I also find other used for the burner - gets the charcoal in the braai (BBQ) glowing pretty quickly.


----------



## kvt (May 11, 2015)

Brino,  That link looks similar to the one I use,   It melted my cast iron pot I was using as a crucible for AL, Made a real mess on the inside of the furnace to.   Have not gotten it cleaned out yet.  
but looking at Pete's I think it might get a little better output.   I still have to get a could of other projects out of the way and find me a bigger tank  (beer keg) to make my next one out of.  Have some larger pieces of Al that need melted down for some projects.


----------



## MozamPete (May 17, 2015)

Well I managed to melt some copper down over the weekend - just a couple of off cuts of copper pipe, about 80 grams in total. Took under twenty minutes from cold so I'm pretty happy with that and don't think it would be too much trouble to melt a larger quantity if I even had the need - it was just don't as an experiment to quantify the temperature I was getting.
Next to find some cast iron scrap and give that a go.


----------



## countryguy (May 17, 2015)

VERY Cool.  Wanted to ask what you used for the castable refractory mix?    My  son and I are rebuilding two old Thermolyme muffle furnaces.  I'm in Ohio on biz and it so happens they is a refractory outlet in Toledo.  I hope to pick up a few 50Lb bags of Mizzou and save the $100 bucks in shipping charges.  The plan is to use as a non insulating casting binder on the A1 coils into square element sheets that slide in/out.     Never ends does it!!! my oh my.  LOL.     

sunday night and time to take the shoes off and get ready to dream of hard steel, CNC and making stuff!   
Jeff.


----------



## MozamPete (May 18, 2015)

Hi Jeff,

The castable refractory was also a Durrans RMS product, Resicast 1700 N. Supposed to to good for 1700 degC.

I was looking at your furnace refurb - much more fun to keep the old controller going if you can keep in working, so much more character than a modern controller.

Peter


----------



## countryguy (May 18, 2015)

thanks Peter, 
   I agree.   It is a very pretty controller.  And I will repair it / tweak is when I get home and have a few hours.    At this point I have two bags of Mizzou sitting on the will-call of the Toledo refractories location.  And it's about an hour from home as I slip back up I-75 tomorrw.    We actually have two furnases.   A pre-Thermolyne 1730 made by TEMCO.   And the 1730 in the pic.   I've ordered some A1 coils. Pre-wound and spec'd for my 10Ohms per panel.    I get to make forms and then get the A1 routed w/ the castable then poured in.    We're having fun and so much learning going on my head's smoking. 

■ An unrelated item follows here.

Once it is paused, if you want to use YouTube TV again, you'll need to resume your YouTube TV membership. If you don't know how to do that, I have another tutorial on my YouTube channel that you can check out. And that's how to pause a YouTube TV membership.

I need ramp and soak times.  And yes... We can run manually for a time.  One of the furnances for Annealing will get that controller hung back on it.  I just wish I did not have to fix every single thing I buy.  the Sweat equity has saved me at least $10G's or more... but man I just want to plug something in once of these days and work!  ;-)  all good though.  
Have a great day.


----------



## markknx (May 27, 2015)

Peter very nice burner. the .7mm is about what I put in mine .030" I run it about 7-10lbs to get up to heat then drop back to 4 1/2-5psi  for my forge. not the same burner but real close. I have also managed to hold 700 deg F pretty steady so tempering is a possible use
Speaking of other uses I can cook a hot dog faster than the microwave.
Mark


----------



## Ski (Apr 12, 2017)

MozamPete said:


> I decided to put together a new thread of my furnace build.  I have been posting some summaries of the build on the POTD thread over the past couple of months so some of this may seem familiar/repetitive to those who have followed it there, but I thought it worth putting it all together in one place and to add a bit more detail as it has been by far the topic that has generated the most interest of my posts.
> 
> Building a small furnace, primarily with the intention of having a go at casting aluminium, had been on my todo list for a while but never made it to the top. A friend recent decided he wanted to build one too (to have a go at forging knives), so with a companion to help and bounce ideas off I finally got the motivation to build one.
> 
> ...


Pete, Did the anneal succeed on the rail track?If so,how did it machine!  I have 3 mini anvils that I'd like to cut flat. Ski


----------



## MozamPete (Apr 12, 2017)

Ski said:


> Pete, Did the anneal succeed on the rail track?If so,how did it machine!  I have 3 mini anvils that I'd like to cut flat. Ski


Worked well
http://www.hobby-machinist.com/thre...in-your-shop-today.14637/page-262#post-413442


----------



## savarin (Apr 12, 2017)

Hi Pete, nice furnace. I like the way your burner slides into the side pipe.
Does air enter the furnace around the burner when in operation?


----------



## MozamPete (Apr 12, 2017)

savarin said:


> Hi Pete, nice furnace. I like the way your burner slides into the side pipe.
> Does air enter the furnace around the burner when in operation?


Thanks. The ID of the pipe is a pretty close fit to the OD of the flare so the only air getting in is air/fuel mix through the Venturi.
I actually get a lot more use out of it than initially expected so was well worth building. Gets used for casting, annealing, rough heat treatment, blackening parts (old oil quenching), hot bending bar stock and the occasional bit of forging. Plus the burner get used when we need to get the charcoal BBQ going in a hurry.


----------